Who Can You Trust?

Check out the latest results of the Gallup Poll on Honesty/Ethics in Professions.  This is the 2012 survey, which shows Nurses and Pharmacists on top.  This is not unusual–these two professions have been near the top for many years.  Nonetheless, given that we are business driven by pharmacy and nursing, it is nice to know that people in the world value what we do and trust our ability to help them.  And for all you car salespeople out there, keep your chin up.

I heard a very interesting radio piece some time ago on NPR.  It was an excerpt of “This I Believe”, which asks prominent members of society (politicians, artists, business men and women…) to comment on their founding truths about life and how to live it.  This particular essay was submitted by Warren Christopher, who was U.S. Secretary of State from 1993 to 1997. As President Carter’s Deputy Secretary of State, he helped normalize relations with China, win ratification of the Panama Canal treaties, and gain release of the American hostages in Iran among other things.  Pretty heady stuff, to be sure.

His essay was trust, and how important it is among people and nations.  Here is an excert from that piece:

One night recently, I was driving down a two-lane highway at about 60 miles an hour. A car approached from the opposite direction at about the same speed. As we passed each other, I caught the other driver’s eye for only a second.

I wondered whether he might be thinking, as I was, how dependent we were on each other at that moment. I was relying on him not to fall asleep, not to be distracted by a cell phone conversation, not to cross over into my lane and bring my life suddenly to an end. And though we had never spoken a word to one another, he relied upon me in just the same way.

Multiplied a million times over, I believe that is the way the world works. At some level, we all depend upon one another. Sometimes that dependence requires us simply to refrain from doing something like crossing over the double yellow line. And sometimes it requires us to act cooperatively, with allies or even with strangers.

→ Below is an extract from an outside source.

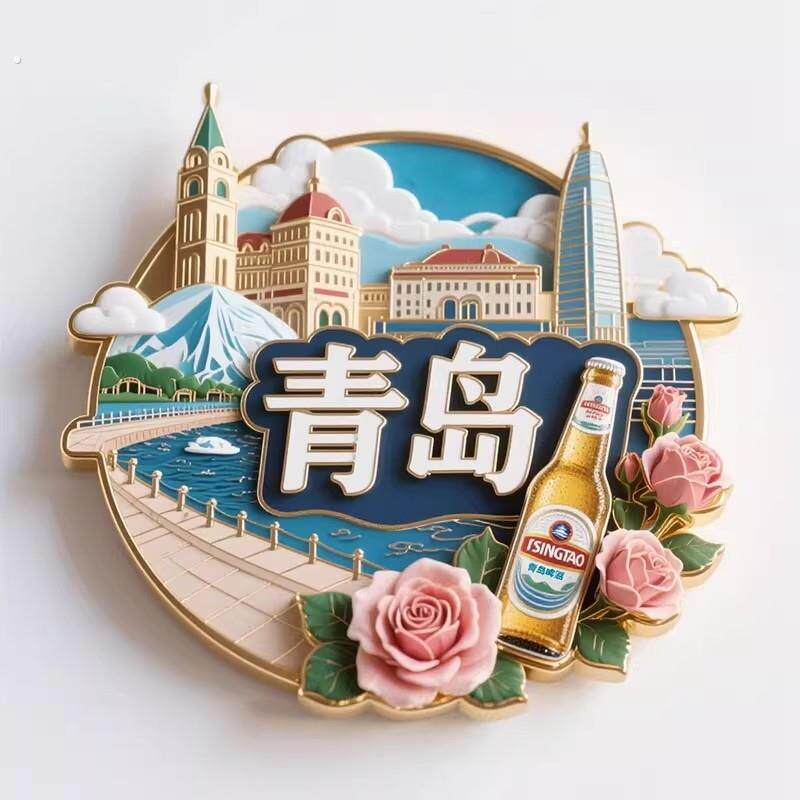 2026新款山东青岛冰箱贴磁贴中国城市定制磁吸装饰个性创意文创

I find this interesting because today’s world seems to be losing trust, particulary in light of recent tragic events in Connecticut.  Every time one of these senseless acts of violence occurs, it puts us on edge and further erodes our faith in one another.  We are all on heightened alert, and tend to look at each other with caution and suspicion.  Can my children go to school safely?  The mall?  A movie theater?  Who are you and what is in that black bag you are carrying?

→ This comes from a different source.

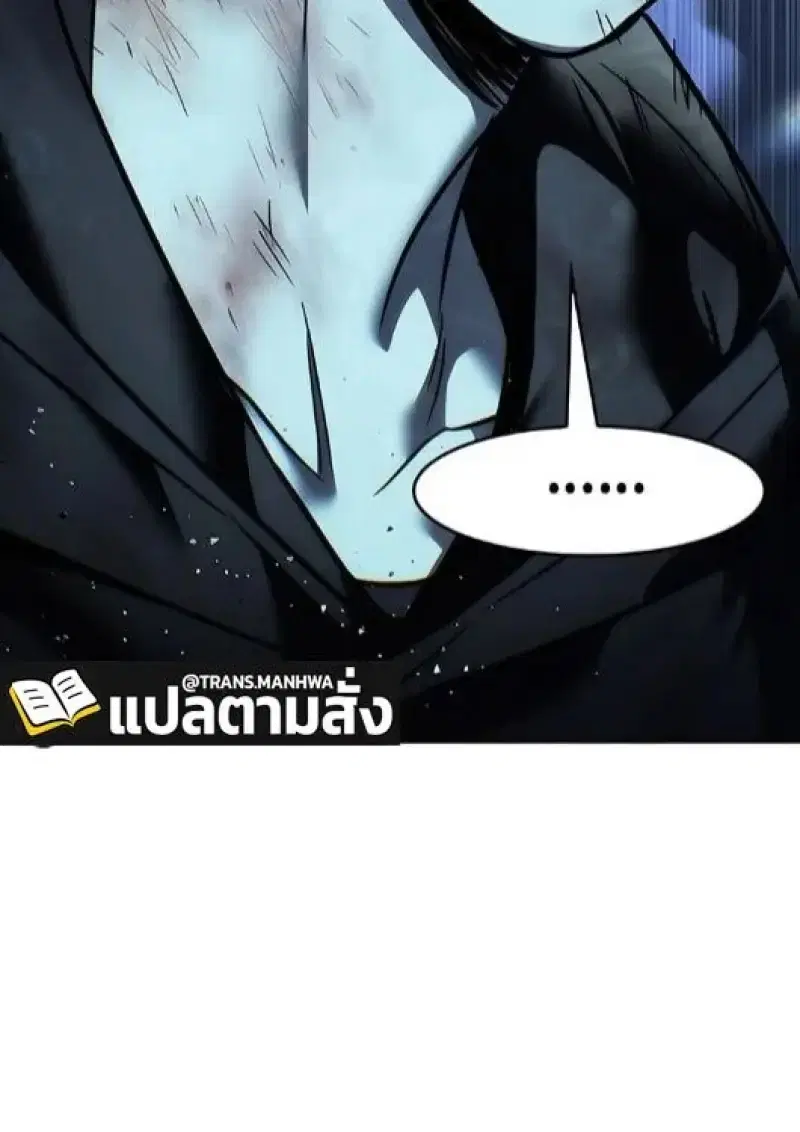 Eleceed ตอนที่ 385 หน้า 170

These questions are beyond the scope of this particular post, but I believe that we can turn this around, and can affect positive change in the world by the work that we do.  All of us, in whatever capacity, can do the little things that help bring people together simply by treating people with kindness and respect.  It is also good to know that in the work that we do at Infusion Solutions, we combine the two most trusted professions together under one roof–nursing and pharmacy.

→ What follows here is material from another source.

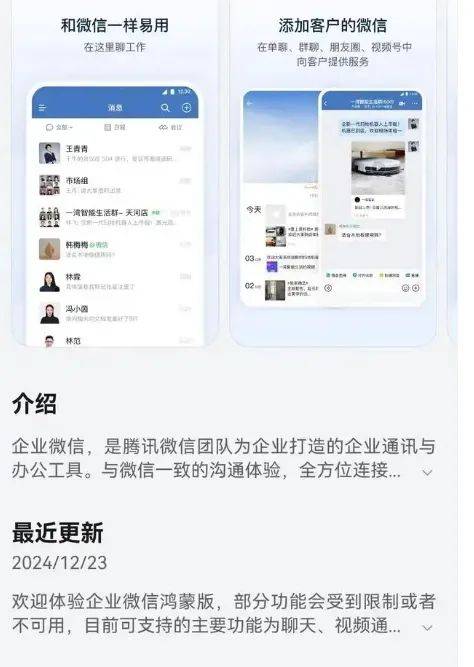 正式上架！华为、微信<strong></p>
<p>找币网交易</strong>，大消息→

Quality healthcare of any kind does require a great deal of trust between the patient and the provider.  The patient needs to know that the provider is qualified to make the right decisions, and the provider needs to know that the patient is being forthright and will abide by his or her recommendations and follow through with the course of therapy.  No where is that more evident than in the world of home infusion, where under our direct supervision, patients are actively engaged in the administration of their own medications and play an integral role in the success of the treatment.  When done properly this is a true alliance between provider and patient, and when both sides trust that they have each other’s best interests in mind, good things happen.  Patients heal and recover, and move into a better state of health.